Humans have been creating and adapting communication systems for thousands of years – at least, that’s what we know based on fragments of the historical archive that have stood the test of time, preserved often by accident and discovered much later by newer generations that need to piece it together to understand the meanings.
Fast forward to 2018, and humans are much better at communicating. We use social media to document what we do, who we spend time with, even what we eat. We use websites to share information, news and opinions with the four billion other Internet users. It’s the stuff of dreams for future historians, or it would be, if the thousands of tweets per second, hundreds of thousands of Facebook posts per minute, and overall billions of GB of data created online each day weren’t at risk of being lost forever.
Organisations across all sectors are now recognising that digital content is a precious asset that can deliver value in the short term and decades to come, but without the right planning and foresight they risk relying on obsolete technologies or formats, issues with the third-party platform they are publishing on, or dependence on content management and backups that only provide security in the short or medium term.
It’s already happened with sites such as MySpace, with former users of the once world-leading social media platform losing pages, messages, and photos. Similarly, it is very hard to find older versions of websites or web pages – search engines are designed to show you only the very latest content. Most people assume that content uploaded to the web is safe there, but action needs to taken to protect these digital communications and make them accessible for future generations.
The legacy and history of 2018 will come from these digital communications, and to preserve it requires a digital archive. As well as storing the data, it needs to be usable for it to be valuable, and a digital archive can give you a snapshot of what a website or social media looked like at a certain point in time. It creates a permanent and unalterable record of what any organisation, from governments to drinks brands, have been putting online at any given period. This has huge, positive implications – companies are digitally preserving the content of legacy and historical significance, and it also allows organisations to demonstrate compliance, especially important in regulated sectors.
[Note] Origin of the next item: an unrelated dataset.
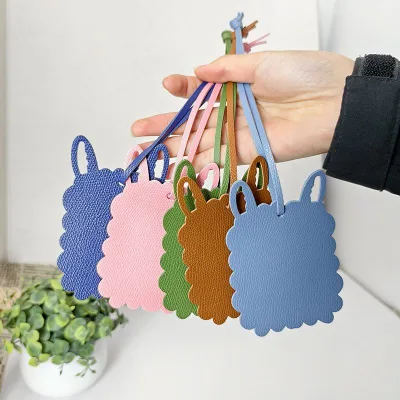 New Design Faux Leather Luxury Bag Pendant Backpack Charm Creative Cute Handbag Pendant Car Keychain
Cloud technologies are the only way this can be achieved in the most efficient and cost-effective way.
Archive
Traditional archiving in the form of physical hardware still holds a lure for many people, but it is limited in its capabilities. When the data you’re archiving is growing as exponentially as an organisation’s digital communications, hardware could mean a continuous need to invest in new infrastructure in order to accommodate the data. Cloud storage allows the unrestrained option to add new storage whenever it is needed, thanks to an ability to scale to almost unlimited capacity.
Reliability
Physical hardware such as servers and hard drives can easily be overloaded or fail. By comparison, cloud infrastructure has a higher level of redundancy (supplying duplicate copies of data), which can be utilised in case of problems. If a hard drive, data centre or server fails, there is peace of mind in knowing that normal service can be resumed with as little disruption as possible.
Security
Using an archiving solution that is cloud-native and certified to ISO standards of security means that any organisation can be assured they have full control of who can access their archives, which is a key consideration especially for any personal data held on the archiving platform. It is also incredibly important for public sector organisations that may be holding sensitive information of national importance. The data can be stored in highly secure cloud data centres, protected by strong safeguards, and the scalability of cloud technologies means that the safety is always there no matter the size of the dataset.
Compliance
Regulated companies and firms that need to record and retain all electronic communications under various rules and legislation – such as MiFiD II or the recently introduced GDPR guidelines – need to be able to prove compliance. Cloud technologies provide the scalability and future-proofing that is necessary to demonstrate that the data has been permanently stored in an unalterable format.
Cost savings
Moving to the cloud cuts down on a lot of the overhead that comes with maintaining your own infrastructure – the physical space and the costs and bills that come with it. This allows the flexibility to focus on improving the archive, whether it’s simple user interface updates or much more advanced capabilities, like transferring large amounts of data for large-scale research projects.
Usability
An archive is worthless if no-one can use it – whether that’s internal staff within an organisation, or students, researchers, historians and anyone else who may wish to access a public-facing resource. Search technologies can be difficult to implement because search engines don’t scan an entire set of documents one by one – they use indexes, to return useful results, faster.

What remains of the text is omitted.